Pharmacokinetic parameters of plasma, cyst fluid, cyst wall and tissues of mice

According to the MBZ concentration-time curve obtained from E. granulosus-infected mice orally administrated with MBZ formulations at a single dose of 25 mg/kg, Tmax, Cmax, AUC0-t and F were calculated and listed in Table 2. In plasma, Tmax values of MBZ-OS and MBZ-1% tragacanth were 2.6 ± 1.1 μg/ml and 3.3 ± 1.1 μg/ml, respectively. But for parasite and tissues, the mean Tmax values were numerically different between two treated groups. It was found that the Cmax values in the MBZ-OS group were 0.3-4.9 times higher than the MBZ-1% tragacanth group in plasma, cyst fluid, liver, lung, spleen, brain, nearly the same in kidney and 0.6-4.6 times lower in cyst wall and intestine. In addition, the AUC values were 1.5-9.3 times of the MBZ-1% tragacanth group in plasma, parasite and most tissues but not intestine.

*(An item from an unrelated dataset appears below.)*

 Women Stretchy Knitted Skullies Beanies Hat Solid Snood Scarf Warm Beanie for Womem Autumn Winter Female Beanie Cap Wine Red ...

Table 2 Pharmacokinetic parameters of MBZ-OS and MBZ-1% tragacanth in plasma and tissues of mice after oral administration at a single dose of 25 mg/kg

Influence of MBZ-OS on the liver of mice

Histopathological changes of the liver

After the treatment with MBZ-OS and MBZ-1% tragacanth at 25 mg/kg, histopathological changes in the liver of the normal (uninfected), untreated and treated mice were observed simultaneously (Figure 2, Table 3). Compared with uninfected groups, there was no significant difference from other groups in histopathological changes (P > 0.05, Table 3). In uninfected and untreated control groups, the hepatocytes and other cells of the livers were normal and systematically arranged but showed light fatty infiltration. However, fatty infiltration had been seen in all groups without significant difference. The light swelling of hepatocytes was only found in the two treated groups (Figure 2).

Figure 2
figure 2

Histopathological changes of liver. H + E, fatty infiltration (large arrow), hepatocyte swelling (small arrow) A. Normal mice; B. E. granulosus infected mice without treatment; C. E. granulosus infected mice treated with MBZ-1% tragacanth; D. E. granulosus infected mice treated with MBZ-OS.

Table 3 Histopathological changes in the livers of the mice from the uninfected control, untreated control and treated groups MBZ-1% tragacanth and MBZ-OS (10 mice per group) were observed by microscopy ( n = 5)

Liver function test

As seen in Table 4, the liver function test results suggested that the IBIL values of the untreated control group and two treated groups were all significantly increased compared with the uninfected group. In addition, the AST and ALT values of the untreated control group were also significantly higher than that of the uninfected group. However, after the treatment with MBZ-OS or MBZ-1% tragacanth, the values of these two parameters (AST and ALT) were decreased and reached to the level of the uninfected control. It was also found that the GLB value of the MBZ-OS was 28.3 ± 2.4 g/L, significantly higher than that of the other groups.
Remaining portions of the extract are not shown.